A highway bridge connecting West Virginia and Ohio collapsed in 1967 during rush hour, killing 45 people. (River Rats take note: It was called the Silver Bridge.)

Twenty years earlier, in 1947, a coal mine in Centralia, Ill., blew up and killed 111 miners. In 1972, 91 of our own brothers, fathers, nephews and uncles perished in the Sunshine Mine fire. Three months before Sunshine, on Feb. 26, 1972, a dam failed above the 16 hamlets comprising the coal-mining camp of Buffalo Creek, West Virginia failed, killing 125 people, injuring another 1,121 and leaving 4,000 homeless.

I don't hear the chat-shows talking about these working-man events, or about the remedies that labour, government and yes, even business, have wrought.

Maybe the new ethic in this nation thinks that working for a living is dangerous but, so what, and that running a Marathon should not be. The difference, of course, is that “Terrorism” was invoked in Boston. But what really went down in West, Texas? And what on God's green earth should separate our fear of “terrorists” from the every day chances of life?

Working people die every day, to bring our produce, our wood products, our cell-phone amenities and the plastics and metals that comprise our automobiles to market.

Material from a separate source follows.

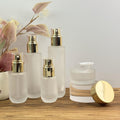 Minimalist Frosted Glass Spray Bottle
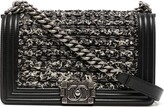 Thumbnail for your product : Chanel Pre Owned 2016 tweed Boy Chanel shoulder bag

I don't mean to denigrate the deaths of those joggers in Boston. My heart is with their families. A loss is a loss. But how about a little respect for the factory-worker, or the hard-rock miner, or for that matter the lettuce-picker, who goes to work every day wondering if it's his last, and whose death will be the spear-head of the latest safety innovation. 

It's obvilusly not something a Marathon runner in new Nikes need worry about. They have the Feds, and Terrorism, on their side.